Ja, aber das kostet ganz schön Kraft auf Dauer. Jeder Mensch braucht doch klare Ziele und Motivation UND Strukturen, in denen sich alles einordnet, und das sind Konzerte, Momente auf der Bühne mit Publikum oder in Workshops. Hoffentlich kommen die bald wieder öfter!

Ich versuche tapfer, den Kopf über Wasser zu halten!

Schreiben, singen, üben, leben, überleben…

Warum mache ich das? Es ist der Wunsch, mich auszudrücken, inneren Welten und Gefühlen Gestalt zu geben, die Lust einzutauchen in den Flow, in die Geschichten, in den „Space“ zu kommen, wo Zeit und Raum sich auflösen. Der Spaß, zu erfinden, zu kreieren, zu verfeinern, wie eine Bildhauerin das Wesen freizulegen – und die Ergebnisse zu teilen, weil vielleicht andere Freude daran haben, z.B. mit eintauchen können, Abstand gewinnen, entspannen können oder angeregt werden zum Denken oder einfach nur zu fühlen!

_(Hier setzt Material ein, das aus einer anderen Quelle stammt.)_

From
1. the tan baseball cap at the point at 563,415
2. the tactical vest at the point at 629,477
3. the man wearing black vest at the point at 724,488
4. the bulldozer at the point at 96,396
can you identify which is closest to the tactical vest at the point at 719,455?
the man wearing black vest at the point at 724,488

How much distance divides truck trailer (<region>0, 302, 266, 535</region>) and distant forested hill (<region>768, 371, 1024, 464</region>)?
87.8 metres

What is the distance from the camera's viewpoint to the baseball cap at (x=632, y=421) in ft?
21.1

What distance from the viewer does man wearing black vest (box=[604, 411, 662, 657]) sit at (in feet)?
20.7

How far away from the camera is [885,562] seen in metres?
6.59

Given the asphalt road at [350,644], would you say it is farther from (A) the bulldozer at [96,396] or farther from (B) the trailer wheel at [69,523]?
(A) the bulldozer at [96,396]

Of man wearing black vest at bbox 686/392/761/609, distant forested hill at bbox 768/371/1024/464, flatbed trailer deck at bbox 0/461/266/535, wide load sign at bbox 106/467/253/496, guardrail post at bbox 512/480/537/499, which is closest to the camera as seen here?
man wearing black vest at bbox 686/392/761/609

In the liner notes, co-producer Larry Klein describes the album as „a programmatic suite documenting a relationship from initial flirtation through optimistic consummation, metamorphosing into disillusionment, ironic despair, and finally resolving in the philosophical overview of acceptance and the probability of the cycle repeating itself“.

Lasst uns alle den Kopf über Wasser halten und nicht untergehen und hört zwischendurch gute Musik, z.B. „Both sides now“.

Das ist melancholisch und schön zugleich.

Und bald ist Frühling! Dann wird alles besser!